La dimensión espacial de la movilidad residencial en la Ciudad de Buenos Aires
La Ciudad Autónoma de Buenos Aires (Caba) es la ciudad capital de Argentina y constituye la sede central político-administrativa de la actividad económica y de los servicios del país. El último Censo de Población del año 2010 relevó que en esta ciudad, que ocupa 200 km2, habitan 2.890.151 personas, el 7,2 % de la población del país. A lo largo de su historia, se ha conurbado una gran cantidad de población por fuera de sus límites político-administrativos, por lo que en la actualidad la Caba constituye el núcleo del aglomerado urbano más grande del país, denominado Gran Buenos Aires, que con sus 13.588.171 habitantes se despliega sobre el territorio abarcando total o parcialmente otras numerosas áreas de gobierno local. La estructura socio-espacial y socio-habitacional de la Ciudad de Buenos Aires es producto de un largo desarrollo histórico, en el cual factores socioeconómicos, políticos y territoriales, tanto a nivel metropolitano como nacional, fueron modificando las condiciones de acceso al suelo y a la vivienda en este ámbito. La Caba en la actualidad condensa así, como capas superpuestas de procesos, sentidos e imaginarios urbanos, su compleja trayectoria socioespacial (Di Virgilio, Marcos y Mera, 2015).
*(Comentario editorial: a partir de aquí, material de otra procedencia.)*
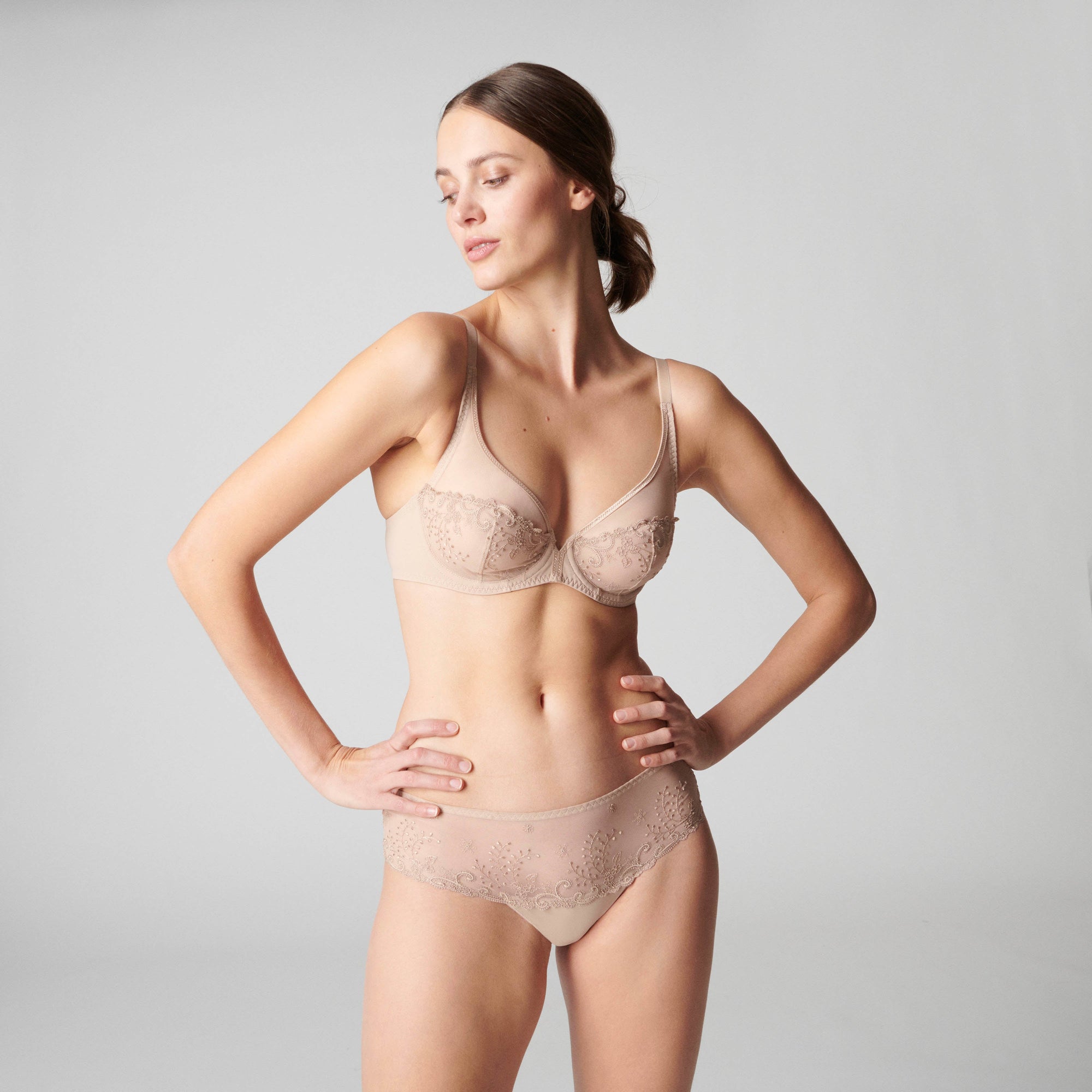 Delice Plunging underwired bra - Nude - Image 1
En la ciudad de Buenos Aires existe un temprano patrón de diferenciación socio-espacial, observable hasta la actualidad: por un lado, el eje norte y oeste con buenos servicios, equipamientos e infraestructura, que recibe población de mayores recursos; por el otro, el eje sur, vinculado a los sectores obreros y populares (Bertoncello, 2010; Torres, 1999; 2001). Las comunas que muestran mayor crecimiento poblacional son aquellas que integran el eje sur, donde el precio del suelo ha sido históricamente más barato y donde se concentran casi la totalidad de las urbanizaciones populares de origen informal (villas,14 NHT15 y asentamientos16), así como gran parte de los Conjuntos Habitacionales.17 De hecho, entre el 2001 y el 2010, aumentó en un 52,3% la población en villas y asentamientos. Inversamente, las zonas de mayor valor del suelo son las que menos han crecido: presentan un aumento menor al 5% de su población.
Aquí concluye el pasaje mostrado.